El 19 de octubre se la vio bebiendo "grandes cantidades de alcohol" en una fiesta en Hollywood junto con Paris Hilton y Miley Cyrus, la ex Hannah Montana. "Lindsay llegó alrededor de las 3 de la mañana y todavía estaba allí cuando estaba amaneciendo", dijo una fuente a Star, y agregó: "Lindsay, Miley y París fueron llevados a una sala especial para VIPs".
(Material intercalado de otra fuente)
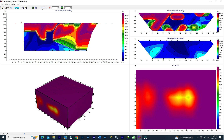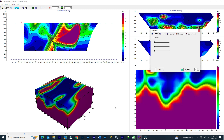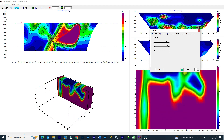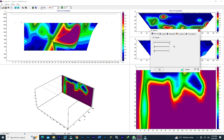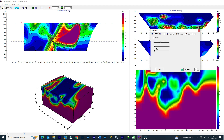Hello everyone, hello geophysicists around the world. This is Francis Omanefe, an exploration geophysicist with Frandi Consulting. This video I'm displaying is about creating a 3D session for your IP and resistivity survey.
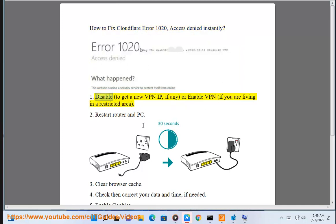1. Disable VPN to get a new VPN IP, if any, or enable VPN if you are living in a restricted area.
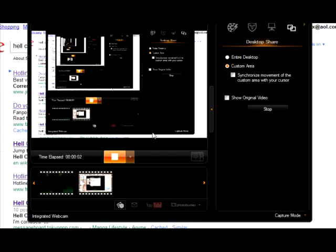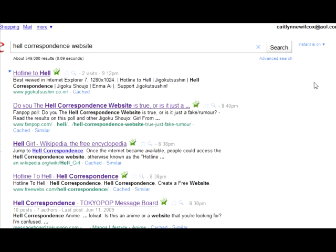Hello. We're about to go to the Hell's Correspondence website. Jacqueline, may you do the honors. Okay. Let's click on the website.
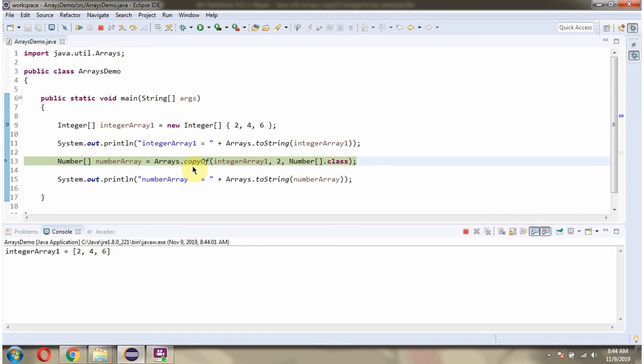Then I am calling copy of method of Arrays class and passing integerArray1 and length as 2 and new type as number.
Por su parte, la revista In Touch publicó declaraciones del coach de la actriz de "The Parents Trap", según el cual las compañías con las que se está juntando Lindsay son las mismas que la arrastraron en el pasado a los malos hábitos. Entre ellas, menciona a Vikram Chatwal, quien supuestamente le suministró pastillas y cocaína.
"Mi trabajo ha sido en vano. Lohan es imposible de reeducar", comentó el coach, cuya identidad fue mantenida en reserva. Lohan concluyó el 31 de julio pasado un tratamiento de rehabilitación que duró 90 días en el centro Cliffside Malibú. La actriz salió unos días más tarde, luego de pedir a sus médicos permanecer un tiempo más en el centro de rehabilitación, porque necesitaba un período de transición antes de retornar "al mundo libre".
Sin embargo, cuando terminó con el tratamiento lo celebró con una fiesta hasta la madrugada en un hotel de Hollywood, junto a su novio Max George, de la banda británica The Wanted. Desde el año 2005 la actriz tuvo varias problemas debido al abuso de alcohol y las drogas.